Extract First and last N rows from PySpark DataFrame

Last Updated : 06 Jun, 2021

In this article, we are going to get the extract first N rows and Last N rows from the dataframe using PySpark in Python. To do our task first we will create a sample dataframe.

We have to create a spark object with the help of the spark session and give the app name by using getorcreate() method.

spark = SparkSession.builder.appName('sparkdf').getOrCreate()

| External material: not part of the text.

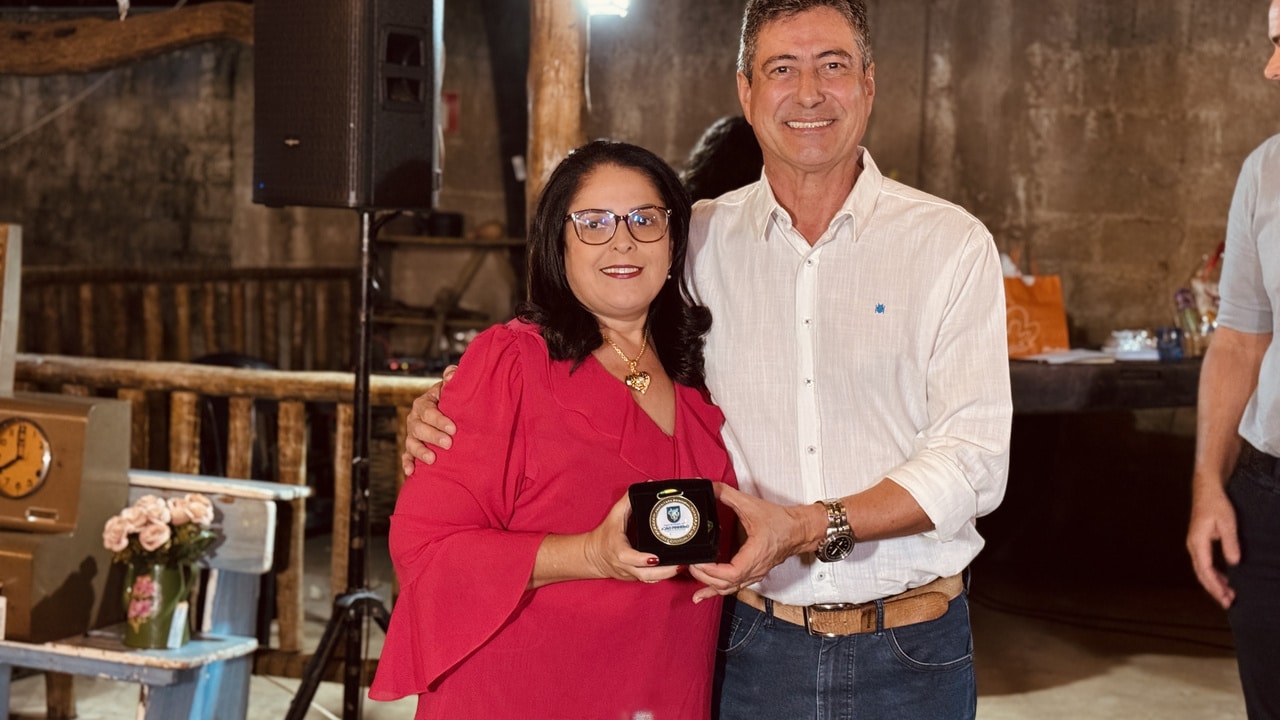 Uma vida inteira servindo! Servidores aposentados da Prefeitura recebem medalhas e homenagem em João Pinheiro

Finally, after creating the data with the list and column list to the method:

dataframe = spark.createDataFrame(data, columns)

Python3

# importing module 
import pyspark 
  
# importing sparksession from pyspark.sql module 
from pyspark.sql import SparkSession 
  
# creating sparksession and giving an app name 
spark = SparkSession.builder.appName('sparkdf').getOrCreate() 
  
# list  of employee data with 5 row values 
data = [["1", "sravan", "company 1"], 
        ["2", "ojaswi", "company 2"], 
        ["3", "bobby", "company 3"], 
        ["4", "rohith", "company 2"], 
        ["5", "gnanesh", "company 1"]] 
  
# specify column names 
columns = ['Employee ID', 'Employee NAME', 'Company Name'] 
  
# creating a dataframe from the lists of data 
dataframe = spark.createDataFrame(data, columns) 
  
print('Actual data in dataframe') 
dataframe.show() 

Output:

Extracting first N rows

We can extract the first N rows by using several methods which are discussed below with the help of some examples:

Method 1: Using head()

This function is used to extract top N rows in the given dataframe

Syntax: dataframe.head(n)

where,

n specifies the number of rows to be extracted from first

dataframe is the dataframe name created from the nested lists using pyspark.

Python3

print("Top 2 rows ") 
  
# extract top 2 rows 
a = dataframe.head(2) 
print(a) 
  
print("Top 1 row ") 
  
# extract top 1 row 
a = dataframe.head(1) 
print(a) 

Output:

Top 2 rows

[Row(Employee ID=’1′, Employee NAME=’sravan’, Company Name=’company 1′),

Row(Employee ID=’2′, Employee NAME=’ojaswi’, Company Name=’company 2′)]

Top 1 row

[Row(Employee ID=’1′, Employee NAME=’sravan’, Company Name=’company 1′)]

Method 2: Using first()

This function is used to extract only one row in the dataframe.

Syntax: dataframe.first()

It doesn’t take any parameter

dataframe is the dataframe name created from the nested lists using pyspark

Python3

print("Top row ") 
  
# extract top  row 
a = dataframe.first() 
print(a) 

Output:

Top row

Row(Employee ID=’1′, Employee NAME=’sravan’, Company Name=’company 1′)

Method 3: Using show()

Used to display the dataframe from top to bottom by default.

Syntax: dataframe.show(n)

where,

dataframe is the input dataframe

n is the number of rows to be displayed from the top ,if n is not specified it will print entire rows in the dataframe

Python3

# show() function to get  
# 2 rows 
dataframe.show(2) 

Output:

Extracting Last N rows

Extracting the last rows means getting the last N rows from the given dataframe. For this, we are using tail() function and can get the last N rows

Syntax: dataframe.tail(n)

where,

n is the number to get last n rows

data frame is the input dataframe

Example:

Python3

print("Last 2 rows ") 
  
# extract last 2 rows 
a = dataframe.tail(2) 
print(a) 
  
print("Last 1 row ") 
  
# extract last 1 row 
a = dataframe.tail(1) 
print(a) 

Output:

Last 2 rows

[Row(Employee ID=’4′, Employee NAME=’rohith’, Company Name=’company 2′),

Row(Employee ID=’5′, Employee NAME=’gnanesh’, Company Name=’company 1′)]

Last 1 row

[Row(Employee ID=’5′, Employee NAME=’gnanesh’, Company Name=’company 1′)]